An identical copy of the records below is the expected result.

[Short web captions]
※
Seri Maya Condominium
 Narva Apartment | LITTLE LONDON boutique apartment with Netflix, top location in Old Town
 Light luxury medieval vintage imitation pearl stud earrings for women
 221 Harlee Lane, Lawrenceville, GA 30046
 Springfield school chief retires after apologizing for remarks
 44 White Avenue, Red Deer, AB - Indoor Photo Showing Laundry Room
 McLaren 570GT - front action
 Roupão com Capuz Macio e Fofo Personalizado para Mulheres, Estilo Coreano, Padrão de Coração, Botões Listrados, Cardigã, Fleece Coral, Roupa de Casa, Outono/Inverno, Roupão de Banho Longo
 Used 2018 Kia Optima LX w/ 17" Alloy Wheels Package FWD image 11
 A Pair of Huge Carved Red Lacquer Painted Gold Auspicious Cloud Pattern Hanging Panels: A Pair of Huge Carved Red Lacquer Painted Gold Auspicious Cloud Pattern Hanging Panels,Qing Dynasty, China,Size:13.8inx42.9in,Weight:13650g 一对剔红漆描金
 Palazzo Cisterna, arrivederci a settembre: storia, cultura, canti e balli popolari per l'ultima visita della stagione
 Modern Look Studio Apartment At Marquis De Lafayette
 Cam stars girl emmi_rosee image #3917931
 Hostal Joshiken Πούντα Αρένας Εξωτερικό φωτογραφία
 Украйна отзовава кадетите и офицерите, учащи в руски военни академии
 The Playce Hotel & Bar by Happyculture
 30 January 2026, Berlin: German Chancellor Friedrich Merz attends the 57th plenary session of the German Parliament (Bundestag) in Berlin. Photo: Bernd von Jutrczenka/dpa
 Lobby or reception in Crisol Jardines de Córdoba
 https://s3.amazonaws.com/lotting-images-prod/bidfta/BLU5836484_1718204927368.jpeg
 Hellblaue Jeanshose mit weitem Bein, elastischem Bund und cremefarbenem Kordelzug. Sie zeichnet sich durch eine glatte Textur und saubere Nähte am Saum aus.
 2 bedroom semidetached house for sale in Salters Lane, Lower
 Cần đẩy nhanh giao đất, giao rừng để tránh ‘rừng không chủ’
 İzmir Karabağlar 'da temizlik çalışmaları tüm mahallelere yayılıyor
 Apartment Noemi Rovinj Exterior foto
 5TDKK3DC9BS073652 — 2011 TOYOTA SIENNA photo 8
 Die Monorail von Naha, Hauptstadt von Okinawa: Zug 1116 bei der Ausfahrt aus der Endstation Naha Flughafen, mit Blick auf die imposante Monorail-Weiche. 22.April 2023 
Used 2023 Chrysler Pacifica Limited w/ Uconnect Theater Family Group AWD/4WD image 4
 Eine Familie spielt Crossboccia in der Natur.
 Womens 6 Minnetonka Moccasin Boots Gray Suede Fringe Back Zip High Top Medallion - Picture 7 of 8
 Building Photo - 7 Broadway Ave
※
Reply -
Seri Maya Condominium
 Narva Apartment | LITTLE LONDON boutique apartment with Netflix, top location in Old Town
 Light luxury medieval vintage imitation pearl stud earrings for women
 221 Harlee Lane, Lawrenceville, GA 30046
 Springfield school chief retires after apologizing for remarks
 44 White Avenue, Red Deer, AB - Indoor Photo Showing Laundry Room
 McLaren 570GT - front action
 Roupão com Capuz Macio e Fofo Personalizado para Mulheres, Estilo Coreano, Padrão de Coração, Botões Listrados, Cardigã, Fleece Coral, Roupa de Casa, Outono/Inverno, Roupão de Banho Longo
 Used 2018 Kia Optima LX w/ 17" Alloy Wheels Package FWD image 11
 A Pair of Huge Carved Red Lacquer Painted Gold Auspicious Cloud Pattern Hanging Panels: A Pair of Huge Carved Red Lacquer Painted Gold Auspicious Cloud Pattern Hanging Panels,Qing Dynasty, China,Size:13.8inx42.9in,Weight:13650g 一对剔红漆描金
 Palazzo Cisterna, arrivederci a settembre: storia, cultura, canti e balli popolari per l'ultima visita della stagione
 Modern Look Studio Apartment At Marquis De Lafayette
 Cam stars girl emmi_rosee image #3917931
 Hostal Joshiken Πούντα Αρένας Εξωτερικό φωτογραφία
 Украйна отзовава кадетите и офицерите, учащи в руски военни академии
 The Playce Hotel & Bar by Happyculture
 30 January 2026, Berlin: German Chancellor Friedrich Merz attends the 57th plenary session of the German Parliament (Bundestag) in Berlin. Photo: Bernd von Jutrczenka/dpa
 Lobby or reception in Crisol Jardines de Córdoba
 https://s3.amazonaws.com/lotting-images-prod/bidfta/BLU5836484_1718204927368.jpeg
 Hellblaue Jeanshose mit weitem Bein, elastischem Bund und cremefarbenem Kordelzug. Sie zeichnet sich durch eine glatte Textur und saubere Nähte am Saum aus.
 2 bedroom semidetached house for sale in Salters Lane, Lower
 Cần đẩy nhanh giao đất, giao rừng để tránh ‘rừng không chủ’
 İzmir Karabağlar 'da temizlik çalışmaları tüm mahallelere yayılıyor
 Apartment Noemi Rovinj Exterior foto
 5TDKK3DC9BS073652 — 2011 TOYOTA SIENNA photo 8
 Die Monorail von Naha, Hauptstadt von Okinawa: Zug 1116 bei der Ausfahrt aus der Endstation Naha Flughafen, mit Blick auf die imposante Monorail-Weiche. 22.April 2023 
Used 2023 Chrysler Pacifica Limited w/ Uconnect Theater Family Group AWD/4WD image 4
 Eine Familie spielt Crossboccia in der Natur.
 Womens 6 Minnetonka Moccasin Boots Gray Suede Fringe Back Zip High Top Medallion - Picture 7 of 8
 Building Photo - 7 Broadway Ave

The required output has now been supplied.